Northern Ireland estate agents have predicted that Alistair Darling’s axing of stamp duty of up to £250,000 for first-time buyers could kickstart the province’s stuttering property market.
The move, which came into effect at midnight last night, will save beleaguered first-time buyers thousands of pounds at a time when they have to stump up deposits of £20,000 plus to be in with a chance of a mortgage.
Despite plummeting house prices the home market for new buyers has had a rollercoaster ride in terms of its recovery. Estate agents have claimed the stamp duty moratorium will boost the housing market, although they pointed out few first-time buyers could afford to spend as much as £250,000 — it is usually around £150,000.

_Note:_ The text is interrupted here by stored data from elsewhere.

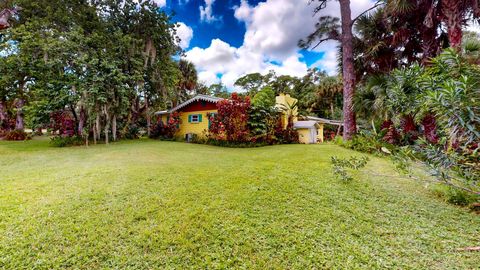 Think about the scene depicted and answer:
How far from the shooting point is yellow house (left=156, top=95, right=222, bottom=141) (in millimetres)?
13719

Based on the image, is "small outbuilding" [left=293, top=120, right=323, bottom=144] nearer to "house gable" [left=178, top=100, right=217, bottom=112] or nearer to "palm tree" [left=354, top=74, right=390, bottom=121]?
"palm tree" [left=354, top=74, right=390, bottom=121]

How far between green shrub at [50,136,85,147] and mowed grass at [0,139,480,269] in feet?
22.4

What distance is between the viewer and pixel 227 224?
9.21ft

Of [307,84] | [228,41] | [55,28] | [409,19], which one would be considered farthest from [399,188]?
[307,84]

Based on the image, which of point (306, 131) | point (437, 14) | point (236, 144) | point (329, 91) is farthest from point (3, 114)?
point (329, 91)

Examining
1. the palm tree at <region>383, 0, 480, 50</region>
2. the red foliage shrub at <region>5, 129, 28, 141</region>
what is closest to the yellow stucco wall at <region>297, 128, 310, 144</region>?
the palm tree at <region>383, 0, 480, 50</region>

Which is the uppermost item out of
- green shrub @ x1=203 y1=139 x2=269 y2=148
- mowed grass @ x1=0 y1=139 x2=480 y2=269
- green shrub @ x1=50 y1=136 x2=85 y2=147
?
green shrub @ x1=50 y1=136 x2=85 y2=147

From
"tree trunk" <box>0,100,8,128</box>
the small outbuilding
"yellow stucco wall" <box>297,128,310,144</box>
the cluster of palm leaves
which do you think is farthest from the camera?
"tree trunk" <box>0,100,8,128</box>

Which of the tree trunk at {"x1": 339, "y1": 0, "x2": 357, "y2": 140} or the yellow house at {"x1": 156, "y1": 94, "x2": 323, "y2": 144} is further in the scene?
the yellow house at {"x1": 156, "y1": 94, "x2": 323, "y2": 144}

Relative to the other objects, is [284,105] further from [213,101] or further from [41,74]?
[41,74]

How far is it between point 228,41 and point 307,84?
47.2 ft

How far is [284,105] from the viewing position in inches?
533

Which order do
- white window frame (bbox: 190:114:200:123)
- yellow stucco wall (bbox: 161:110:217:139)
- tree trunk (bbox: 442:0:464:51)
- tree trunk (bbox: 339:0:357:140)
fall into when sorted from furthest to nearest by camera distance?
white window frame (bbox: 190:114:200:123) < yellow stucco wall (bbox: 161:110:217:139) < tree trunk (bbox: 339:0:357:140) < tree trunk (bbox: 442:0:464:51)

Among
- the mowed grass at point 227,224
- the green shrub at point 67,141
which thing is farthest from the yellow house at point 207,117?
the mowed grass at point 227,224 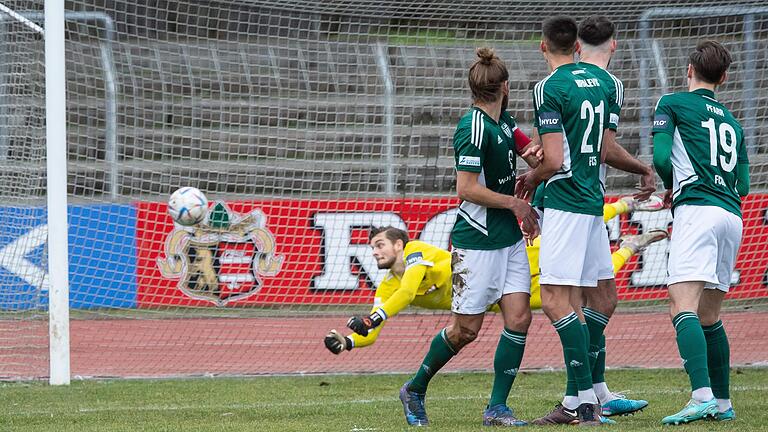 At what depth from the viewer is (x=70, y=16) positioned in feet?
34.6

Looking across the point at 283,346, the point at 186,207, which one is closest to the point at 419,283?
the point at 283,346

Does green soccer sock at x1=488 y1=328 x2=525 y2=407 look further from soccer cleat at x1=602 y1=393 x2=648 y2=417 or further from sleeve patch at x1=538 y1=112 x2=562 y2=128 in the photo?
sleeve patch at x1=538 y1=112 x2=562 y2=128

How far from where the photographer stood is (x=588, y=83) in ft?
19.0

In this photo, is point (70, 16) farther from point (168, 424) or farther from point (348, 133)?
point (168, 424)

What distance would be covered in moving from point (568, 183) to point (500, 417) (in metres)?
1.33

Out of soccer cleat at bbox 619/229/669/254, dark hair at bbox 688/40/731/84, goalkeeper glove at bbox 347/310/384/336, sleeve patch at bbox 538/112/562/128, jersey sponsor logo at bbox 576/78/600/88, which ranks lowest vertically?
goalkeeper glove at bbox 347/310/384/336

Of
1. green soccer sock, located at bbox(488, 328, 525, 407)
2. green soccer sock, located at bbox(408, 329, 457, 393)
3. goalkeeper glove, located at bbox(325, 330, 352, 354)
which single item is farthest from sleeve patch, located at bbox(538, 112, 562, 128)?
goalkeeper glove, located at bbox(325, 330, 352, 354)

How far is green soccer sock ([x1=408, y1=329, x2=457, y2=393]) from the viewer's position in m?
6.04

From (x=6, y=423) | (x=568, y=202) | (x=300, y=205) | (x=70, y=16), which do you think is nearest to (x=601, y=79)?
(x=568, y=202)

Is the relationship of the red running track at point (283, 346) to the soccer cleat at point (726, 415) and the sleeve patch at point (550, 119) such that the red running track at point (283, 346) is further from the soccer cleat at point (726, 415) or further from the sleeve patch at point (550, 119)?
the sleeve patch at point (550, 119)

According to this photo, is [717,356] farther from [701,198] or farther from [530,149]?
[530,149]

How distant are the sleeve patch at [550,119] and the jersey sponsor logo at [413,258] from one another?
261 cm

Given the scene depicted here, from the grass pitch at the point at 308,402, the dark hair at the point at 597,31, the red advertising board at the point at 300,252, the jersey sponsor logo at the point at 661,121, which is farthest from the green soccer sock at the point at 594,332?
the red advertising board at the point at 300,252

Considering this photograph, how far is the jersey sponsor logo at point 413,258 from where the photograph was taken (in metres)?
8.07
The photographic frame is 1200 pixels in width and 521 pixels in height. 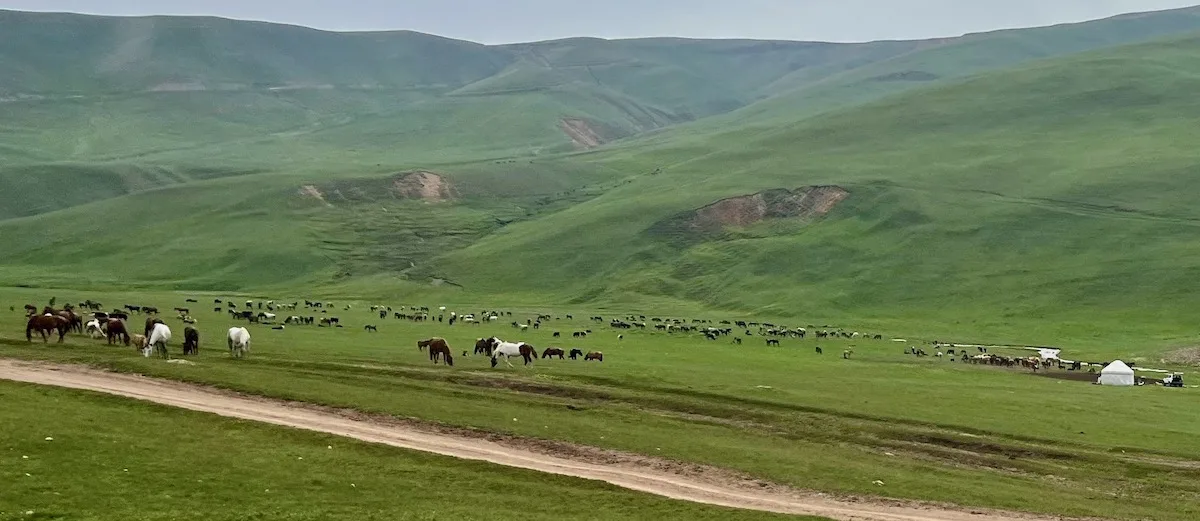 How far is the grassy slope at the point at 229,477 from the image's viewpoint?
22.6 metres

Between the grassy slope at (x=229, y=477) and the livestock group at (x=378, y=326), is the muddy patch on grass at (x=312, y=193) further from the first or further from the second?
the grassy slope at (x=229, y=477)

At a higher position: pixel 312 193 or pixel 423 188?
pixel 423 188

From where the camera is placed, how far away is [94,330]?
51.9 meters

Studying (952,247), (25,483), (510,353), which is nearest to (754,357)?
(510,353)

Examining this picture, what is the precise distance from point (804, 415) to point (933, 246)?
339 ft

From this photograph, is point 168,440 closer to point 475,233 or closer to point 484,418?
point 484,418

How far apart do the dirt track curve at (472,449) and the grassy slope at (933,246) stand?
7865 centimetres

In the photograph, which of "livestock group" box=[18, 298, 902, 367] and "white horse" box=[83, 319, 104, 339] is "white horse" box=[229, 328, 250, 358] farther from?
"white horse" box=[83, 319, 104, 339]

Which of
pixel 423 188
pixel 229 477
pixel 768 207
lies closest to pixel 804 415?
pixel 229 477

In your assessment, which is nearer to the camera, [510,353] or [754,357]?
[510,353]

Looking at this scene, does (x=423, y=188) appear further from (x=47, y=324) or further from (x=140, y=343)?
(x=140, y=343)

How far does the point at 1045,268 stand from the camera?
126m

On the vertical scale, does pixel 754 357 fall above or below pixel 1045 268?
below

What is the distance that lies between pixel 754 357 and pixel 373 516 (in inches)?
1923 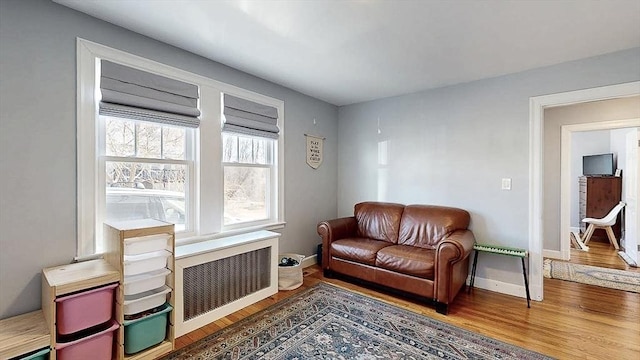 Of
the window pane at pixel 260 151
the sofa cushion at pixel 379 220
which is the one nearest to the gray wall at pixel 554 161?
the sofa cushion at pixel 379 220

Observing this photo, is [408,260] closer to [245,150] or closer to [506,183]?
[506,183]

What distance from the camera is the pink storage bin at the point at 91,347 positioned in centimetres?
158

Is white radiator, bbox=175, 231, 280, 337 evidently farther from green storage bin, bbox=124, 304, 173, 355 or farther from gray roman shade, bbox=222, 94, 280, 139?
gray roman shade, bbox=222, 94, 280, 139

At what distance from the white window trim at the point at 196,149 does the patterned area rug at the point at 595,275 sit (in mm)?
3617

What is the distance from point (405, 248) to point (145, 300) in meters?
2.44

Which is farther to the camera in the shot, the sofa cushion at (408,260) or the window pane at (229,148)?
the window pane at (229,148)

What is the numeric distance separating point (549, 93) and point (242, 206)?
3428mm

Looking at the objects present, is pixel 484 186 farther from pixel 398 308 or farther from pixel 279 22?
pixel 279 22

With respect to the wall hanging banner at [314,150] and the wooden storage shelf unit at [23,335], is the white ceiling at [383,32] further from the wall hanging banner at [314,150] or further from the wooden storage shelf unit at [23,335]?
the wooden storage shelf unit at [23,335]

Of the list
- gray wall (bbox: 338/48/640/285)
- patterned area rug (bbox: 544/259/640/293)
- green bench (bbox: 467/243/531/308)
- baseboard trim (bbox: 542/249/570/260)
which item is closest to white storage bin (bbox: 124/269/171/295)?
gray wall (bbox: 338/48/640/285)

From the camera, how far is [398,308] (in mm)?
2641

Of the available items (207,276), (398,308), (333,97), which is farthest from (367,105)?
(207,276)

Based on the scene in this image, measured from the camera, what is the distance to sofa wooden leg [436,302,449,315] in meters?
2.55

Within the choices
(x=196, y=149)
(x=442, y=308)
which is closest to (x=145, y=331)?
(x=196, y=149)
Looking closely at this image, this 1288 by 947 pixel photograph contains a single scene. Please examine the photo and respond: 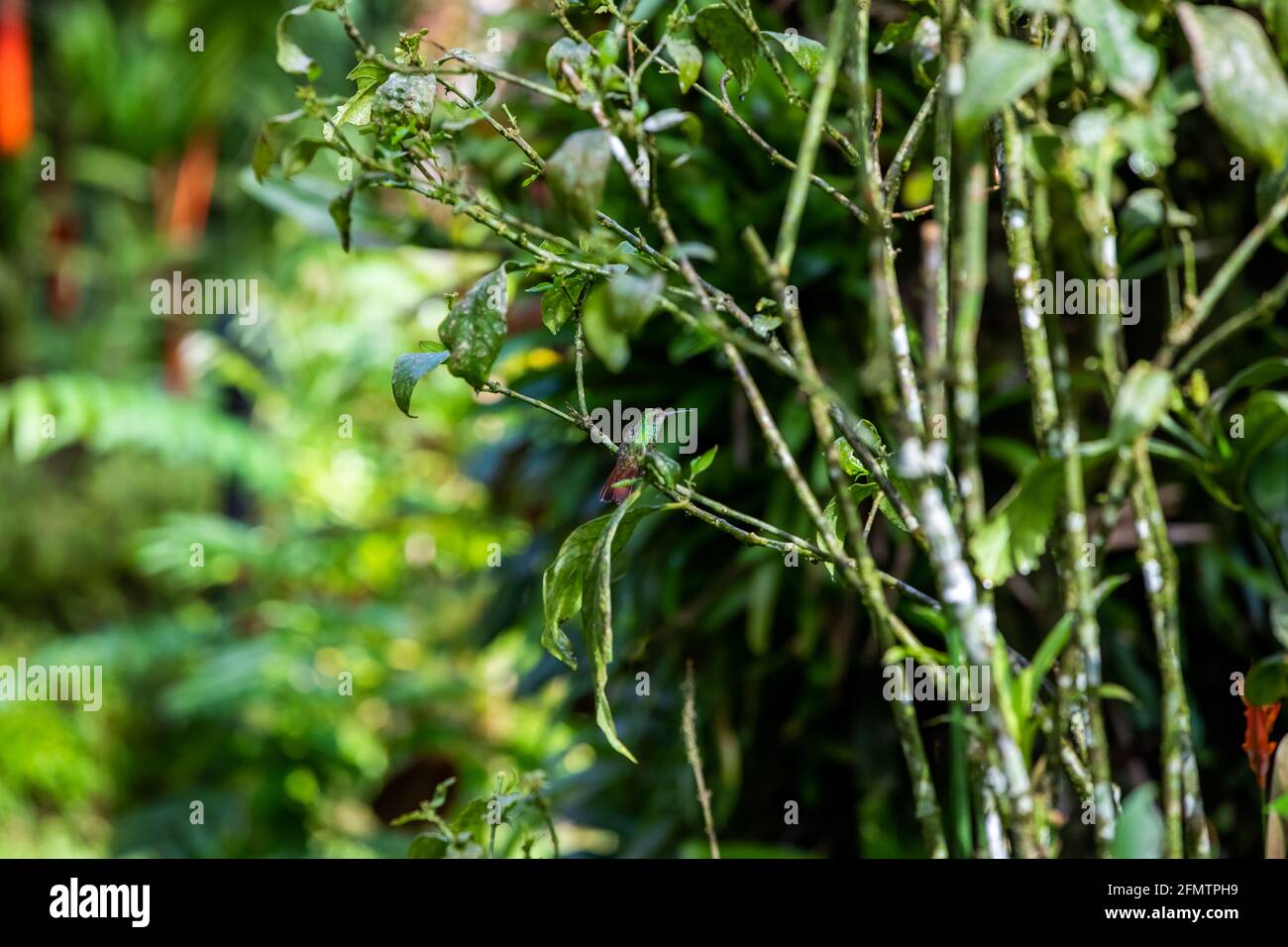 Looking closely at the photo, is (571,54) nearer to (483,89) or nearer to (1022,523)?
(483,89)

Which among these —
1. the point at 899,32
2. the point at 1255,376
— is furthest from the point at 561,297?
the point at 1255,376

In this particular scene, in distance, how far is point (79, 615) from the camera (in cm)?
348

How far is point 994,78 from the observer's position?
0.29m

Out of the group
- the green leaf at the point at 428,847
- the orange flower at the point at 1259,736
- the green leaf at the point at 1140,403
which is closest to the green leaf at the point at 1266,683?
the orange flower at the point at 1259,736

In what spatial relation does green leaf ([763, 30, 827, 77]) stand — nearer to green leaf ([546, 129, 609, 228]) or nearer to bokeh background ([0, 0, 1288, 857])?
green leaf ([546, 129, 609, 228])

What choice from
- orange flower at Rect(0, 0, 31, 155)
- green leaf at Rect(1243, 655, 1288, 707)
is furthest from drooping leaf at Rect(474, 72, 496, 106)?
orange flower at Rect(0, 0, 31, 155)

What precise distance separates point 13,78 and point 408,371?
381cm

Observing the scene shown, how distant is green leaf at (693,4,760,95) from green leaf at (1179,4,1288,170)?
18 cm

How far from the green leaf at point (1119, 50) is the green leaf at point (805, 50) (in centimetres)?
17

Mr Simon Brien, director at leading local estate agent BTWCairns, welcomed the Chancellor’s announcement on stamp duty. He said: “For a market in the early stages of recovery this will be a really strong boost for first-time buyers. It was particularly evident during last year’s stamp duty holiday with buyers rushing to complete sales before the December 31 deadline.”
Rory Allen, regional operations director for Reeds Rains branches in Northern Ireland, which rebranded from the Halifax in January, said: “Today’s announcement will give the housing market another shot in the arm, boosting transactional activity — and help to dampen the short-term effects of the looming General Election.”
Keith Mitchell of Templeton Robinson, which has five branches, said: “For some time we have been calling for some relaxation of the stamp duty levels because we have always believed that it would help to stimulate the market. It is a significant upfront cost for buyers.”
North Down estate agent John Minnis, with branches in Holywood and Donaghadee agreed: “This is the best thing that could have happened. This is such an important part of a buyer’s budget. It is very difficult for first time buyers to save up a deposit, to raise another £1,500 is a lot.”
But estate agent Desmond Turley of UPS, which has 12 branches, had mixed feelings: “Anything that helps the market is positive, but whether it will help the local market I don’t know. Our market has a long way to go,” he claimed. “We need more liquidity in our market and the banks and building societies need to respond.”